[ENTRIES PROVIDED]

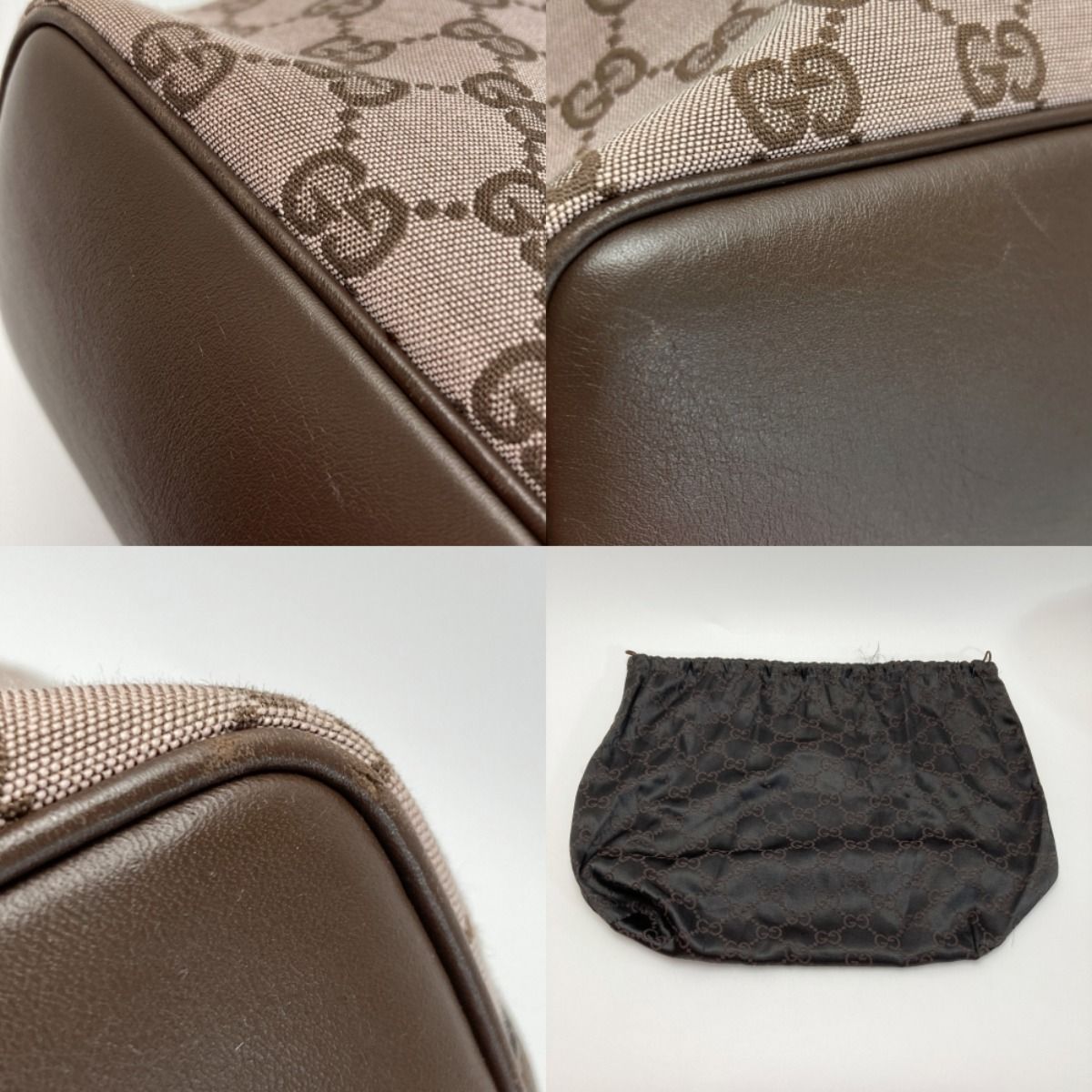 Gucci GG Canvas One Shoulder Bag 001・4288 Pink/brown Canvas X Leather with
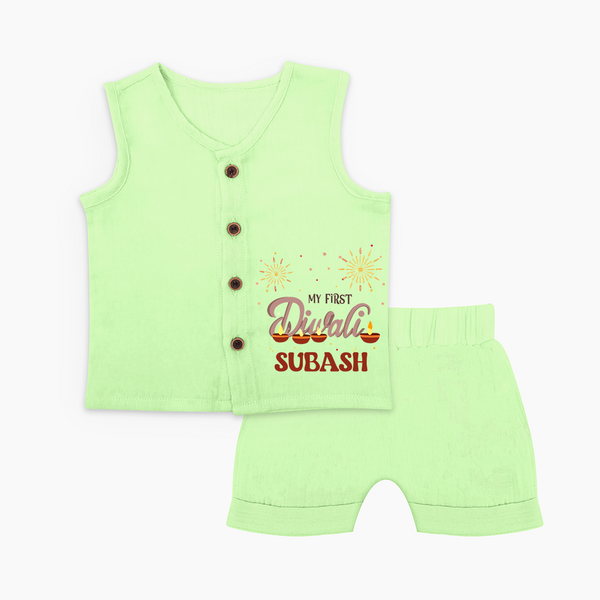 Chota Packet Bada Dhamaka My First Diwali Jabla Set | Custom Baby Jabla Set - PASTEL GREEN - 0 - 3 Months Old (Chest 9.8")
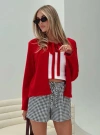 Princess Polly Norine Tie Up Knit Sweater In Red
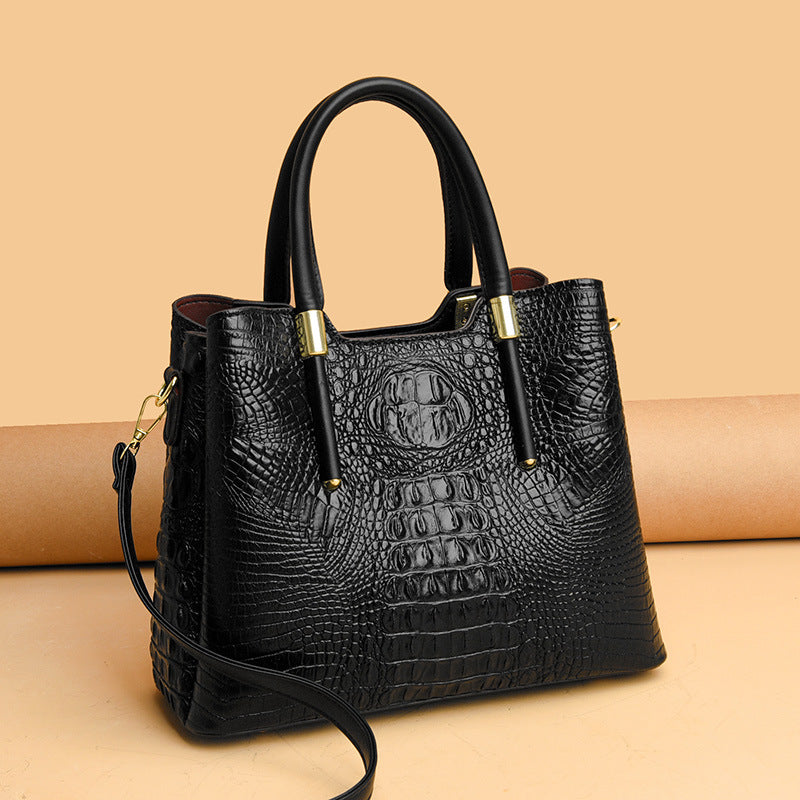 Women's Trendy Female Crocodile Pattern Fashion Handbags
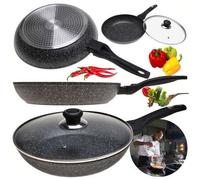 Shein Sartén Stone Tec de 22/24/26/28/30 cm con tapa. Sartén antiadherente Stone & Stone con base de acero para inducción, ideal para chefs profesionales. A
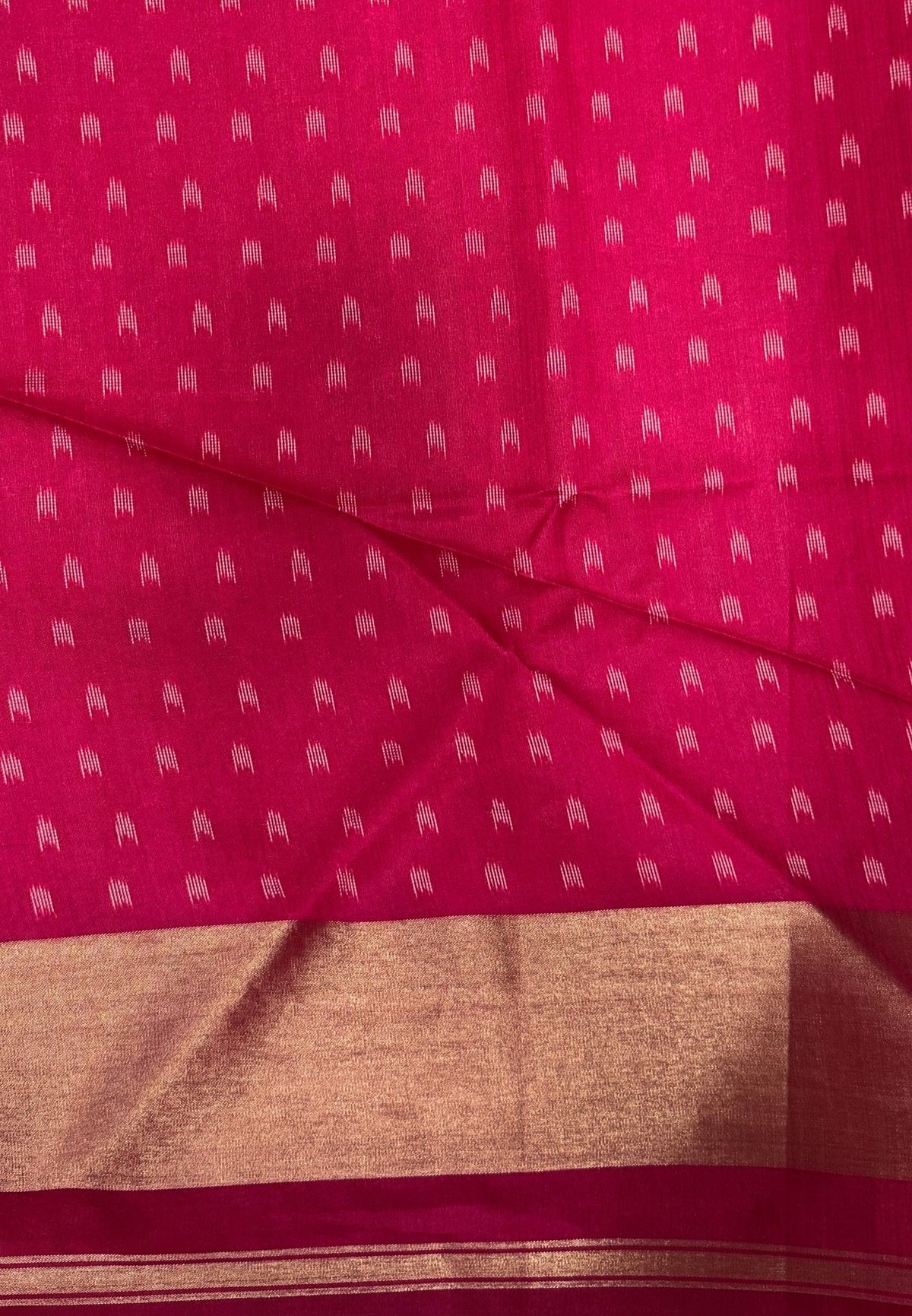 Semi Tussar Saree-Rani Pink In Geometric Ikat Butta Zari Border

[/ENTRIES PROVIDED]

* [WHAT THE TASK REQUIRES]
Your task is to repeat the records exactly. Images do not belong in the copy.

* [RESULT BELOW]
 Gucci GG Canvas One Shoulder Bag 001・4288 Pink/brown Canvas X Leather with
 Chota Packet Bada Dhamaka My First Diwali Jabla Set | Custom Baby Jabla Set - PASTEL GREEN - 0 - 3 Months Old (Chest 9.8")
 Princess Polly Norine Tie Up Knit Sweater In Red
 Women's Trendy Female Crocodile Pattern Fashion Handbags
 Shein Sartén Stone Tec de 22/24/26/28/30 cm con tapa. Sartén antiadherente Stone & Stone con base de acero para inducción, ideal para chefs profesionales. A
 Semi Tussar Saree-Rani Pink In Geometric Ikat Butta Zari Border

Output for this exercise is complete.